There is clearly a context. That 56 years of occupation has only intensified under Netanyahu’s right-wing government. As reported by the Norwegian Refugee Council (August 10, 2023) and the UN, just since 2022:

  • At least 488 Palestinians, including 263 children, from seven communities in Area C of the West Bank have been forcibly displaced due to an increasingly coercive environment, according to the UN. These include Ein Samiya (132 displaced), Wadi As-Seeq (35 displaced), Wedadie (21 displaced), Lifjim (46 displaced), Ras At-Tin (99 displaced in 2022, 89 displaced in 2023), Al-Baqa’a (54 displaced), and Khirbet Bir Al-Idd (12 displaced).
  • The UN has documented 591 Israeli settler attacks so far this year that have resulted in casualties and property damage. The monthly average for the first six months of 2023 is 39 per cent higher than the monthly average of settler-related incidents in all 2022.
  • Settlers killed six Palestinians and injured 204, including 24 children, in the first six months of 2023 (before the Hamas attack).

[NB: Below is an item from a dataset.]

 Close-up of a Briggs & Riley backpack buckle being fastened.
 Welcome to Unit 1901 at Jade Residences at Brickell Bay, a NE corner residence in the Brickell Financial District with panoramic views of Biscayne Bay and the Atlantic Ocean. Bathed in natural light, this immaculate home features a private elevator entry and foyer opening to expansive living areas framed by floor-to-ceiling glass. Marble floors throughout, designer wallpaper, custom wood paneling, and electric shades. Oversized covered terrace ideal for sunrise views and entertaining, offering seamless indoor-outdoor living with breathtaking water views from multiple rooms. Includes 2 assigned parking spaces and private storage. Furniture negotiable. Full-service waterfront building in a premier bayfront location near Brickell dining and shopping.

Moreover, the UN recently reported that Israeli settlers had displaced more than 1,100 Palestinians from the West Bank, just since 2022 (ABC News, September 21, 2023). Since the re-election of Benjamin Netanyahu as Prime Minister in 2009, some 14,000 Palestinians have been forcibly removed from their homes, including in East Jerusalem (UN data, reported by CNN October 22, 2023). As it is, Palestinians are living on only 22% of the land that was traditionally known as Palestine. The greater proportion of 78% was already claimed as part of Israel in 1948. And then there are Netanyahu’s cynical attempts, for years, to prevent formation of a Palestinian state. As part of this strategy, outlined by Zvi Bar’el in Haaretz, Netanyahu essentially nurtured Hamas. As reported in The Week (October 27, 2023), under his divide-and-conquer strategy, “he undermined the Palestinian Authority, which wants a two-state solution, while propping up Hamas, which doesn’t” (it wants elimination of Israel). He even allowed Qatar to supply Hamas with $30 million a month, and members of his cabinet, including security minister Itamar Ben-Gvir and finance minister Bezalel Smotrich, have shown open contempt for, and dismissal of Palestinians – the latter routinely claiming that there is no Palestinian people.

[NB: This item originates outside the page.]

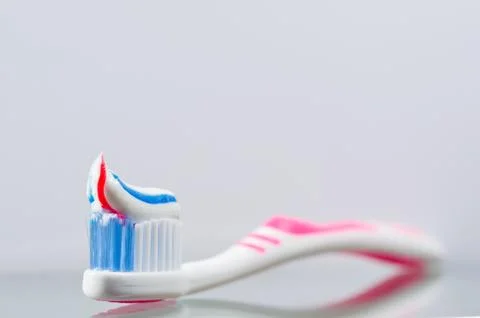 Toothbrush with toothpaste Stock Photos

So yes, there is a context. If we are ever to achieve peace, denial, obfuscation and suppression of this context cannot continue. It is not anti-Semitic to criticize Israeli policy, or Israeli politicians, or to report the glaring violations of human rights that have characterized Israel’s occupation of Palestinian territory for years. It is actually pro-Israeli. If Israelis are ever to live in peace and security, a goal I support, this history must be acknowledged and rectified. Don’t forget, whether you want to hear it or not, that prior to Israel’s founding in 1948, there were multiple Jewish terrorist groups – including Lehi and Irgun – that assassinated British officials, bombed the King David hotel in Jerusalem, bombed civilians at a bus stop near the Jaffa Gate, bombed the Ramla market in 1948, and committed other acts of sabotage and terror during that time. Importantly, however, these groups were disbanded or absorbed following the declaration of an Israeli state. There is an obvious lesson here. A state was formed, and terrorism stopped. The situation is not exactly parallel, of course, and the current conflict has festered for many more years, but denial of Palestinian self-determination, land and dignity is just going to keep producing a repeat of the same cycle of violence, whatever organization becomes the perpetrator.

This is a history that cannot be denied. It is context. It does not justify Hamas terrorism and brutality, but it does describe the wellspring from whence it came. In order to stop such terrorism, bombing and more violence is clearly not the answer. Ignoring settler violence and the appropriation of Palestinian land is not the answer. Ignoring decades of Israeli policy is not the answer. Shutting down the UN and its Secretary General is not the answer. Reconciling with the truth is the only meaningful step forward.